● Task objective: Using the records below, transcribe word for word the stretch from the line that contains "今晨突围战来临，广东宏远围绕" through the line that contains "Aparthotel Ht Castello", both end lines included, and nothing else.
** Opening Entries supplied block **
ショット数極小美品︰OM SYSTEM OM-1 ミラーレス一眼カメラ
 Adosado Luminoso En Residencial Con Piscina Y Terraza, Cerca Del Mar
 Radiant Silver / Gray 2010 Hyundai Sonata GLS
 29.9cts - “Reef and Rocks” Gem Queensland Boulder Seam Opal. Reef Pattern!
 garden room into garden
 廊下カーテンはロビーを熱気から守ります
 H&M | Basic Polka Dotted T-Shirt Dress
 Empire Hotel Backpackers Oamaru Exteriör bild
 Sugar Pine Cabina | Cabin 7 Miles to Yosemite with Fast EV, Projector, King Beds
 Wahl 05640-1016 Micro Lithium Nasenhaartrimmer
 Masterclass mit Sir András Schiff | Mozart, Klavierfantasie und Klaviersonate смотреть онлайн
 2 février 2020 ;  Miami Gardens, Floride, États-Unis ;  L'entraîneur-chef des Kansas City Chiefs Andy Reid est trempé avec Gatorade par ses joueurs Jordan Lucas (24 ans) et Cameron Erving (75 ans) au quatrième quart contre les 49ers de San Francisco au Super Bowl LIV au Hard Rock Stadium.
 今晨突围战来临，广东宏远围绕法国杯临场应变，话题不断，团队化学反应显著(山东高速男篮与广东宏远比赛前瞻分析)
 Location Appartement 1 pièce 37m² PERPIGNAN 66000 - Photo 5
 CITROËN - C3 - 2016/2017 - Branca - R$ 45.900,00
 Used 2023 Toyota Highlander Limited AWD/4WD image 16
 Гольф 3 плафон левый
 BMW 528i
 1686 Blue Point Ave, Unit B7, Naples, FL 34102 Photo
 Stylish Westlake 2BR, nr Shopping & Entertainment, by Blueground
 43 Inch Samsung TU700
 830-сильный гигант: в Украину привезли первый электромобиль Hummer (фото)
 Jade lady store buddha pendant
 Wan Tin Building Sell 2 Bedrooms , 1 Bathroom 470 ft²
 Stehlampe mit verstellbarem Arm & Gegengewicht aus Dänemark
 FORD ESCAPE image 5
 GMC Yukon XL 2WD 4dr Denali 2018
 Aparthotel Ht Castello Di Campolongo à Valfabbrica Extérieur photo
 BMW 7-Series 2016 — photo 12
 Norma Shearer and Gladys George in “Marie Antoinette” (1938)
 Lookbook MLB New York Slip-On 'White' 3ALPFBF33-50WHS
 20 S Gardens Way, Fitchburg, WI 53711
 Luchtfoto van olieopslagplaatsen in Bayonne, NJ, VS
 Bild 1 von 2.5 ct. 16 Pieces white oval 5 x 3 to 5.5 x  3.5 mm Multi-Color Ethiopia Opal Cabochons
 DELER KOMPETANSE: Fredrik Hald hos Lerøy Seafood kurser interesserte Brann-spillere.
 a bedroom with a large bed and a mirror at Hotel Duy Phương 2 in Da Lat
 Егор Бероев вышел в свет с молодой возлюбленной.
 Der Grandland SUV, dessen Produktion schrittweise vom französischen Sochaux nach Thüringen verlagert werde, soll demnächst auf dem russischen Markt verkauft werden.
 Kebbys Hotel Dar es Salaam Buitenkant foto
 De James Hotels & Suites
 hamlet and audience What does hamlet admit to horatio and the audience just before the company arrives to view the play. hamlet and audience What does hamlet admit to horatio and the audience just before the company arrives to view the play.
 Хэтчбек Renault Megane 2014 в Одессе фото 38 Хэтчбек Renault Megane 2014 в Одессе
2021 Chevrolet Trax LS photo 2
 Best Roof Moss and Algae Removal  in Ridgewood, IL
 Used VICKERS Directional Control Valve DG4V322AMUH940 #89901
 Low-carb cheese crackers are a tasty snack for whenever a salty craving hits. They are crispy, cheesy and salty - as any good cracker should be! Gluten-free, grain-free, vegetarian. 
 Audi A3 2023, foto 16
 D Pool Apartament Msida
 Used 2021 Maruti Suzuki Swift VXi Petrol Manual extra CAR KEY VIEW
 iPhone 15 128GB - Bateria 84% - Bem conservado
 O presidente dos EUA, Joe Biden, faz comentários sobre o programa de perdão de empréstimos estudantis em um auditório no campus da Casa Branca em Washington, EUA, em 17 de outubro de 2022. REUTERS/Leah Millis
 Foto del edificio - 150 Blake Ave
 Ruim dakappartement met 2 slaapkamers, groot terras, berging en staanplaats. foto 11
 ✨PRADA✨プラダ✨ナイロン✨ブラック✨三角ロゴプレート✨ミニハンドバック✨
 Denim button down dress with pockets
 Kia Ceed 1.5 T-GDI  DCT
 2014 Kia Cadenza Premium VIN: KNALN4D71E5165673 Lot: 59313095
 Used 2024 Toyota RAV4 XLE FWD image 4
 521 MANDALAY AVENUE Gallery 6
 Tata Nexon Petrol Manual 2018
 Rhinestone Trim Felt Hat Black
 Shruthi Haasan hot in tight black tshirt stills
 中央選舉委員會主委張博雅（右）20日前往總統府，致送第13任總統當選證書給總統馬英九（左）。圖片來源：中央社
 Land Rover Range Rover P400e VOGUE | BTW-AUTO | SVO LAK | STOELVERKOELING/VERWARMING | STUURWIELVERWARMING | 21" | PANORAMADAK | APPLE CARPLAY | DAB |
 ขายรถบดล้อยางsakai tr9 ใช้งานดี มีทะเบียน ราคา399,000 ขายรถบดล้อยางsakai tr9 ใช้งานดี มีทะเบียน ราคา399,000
** Closing Entries supplied block **
● Solved problem:
 今晨突围战来临，广东宏远围绕法国杯临场应变，话题不断，团队化学反应显著(山东高速男篮与广东宏远比赛前瞻分析)
 Location Appartement 1 pièce 37m² PERPIGNAN 66000 - Photo 5
 CITROËN - C3 - 2016/2017 - Branca - R$ 45.900,00
 Used 2023 Toyota Highlander Limited AWD/4WD image 16
 Гольф 3 плафон левый
 BMW 528i
 1686 Blue Point Ave, Unit B7, Naples, FL 34102 Photo
 Stylish Westlake 2BR, nr Shopping & Entertainment, by Blueground
 43 Inch Samsung TU700
 830-сильный гигант: в Украину привезли первый электромобиль Hummer (фото)
 Jade lady store buddha pendant
 Wan Tin Building Sell 2 Bedrooms , 1 Bathroom 470 ft²
 Stehlampe mit verstellbarem Arm & Gegengewicht aus Dänemark
 FORD ESCAPE image 5
 GMC Yukon XL 2WD 4dr Denali 2018
 Aparthotel Ht Castello Di Campolongo à Valfabbrica Extérieur photo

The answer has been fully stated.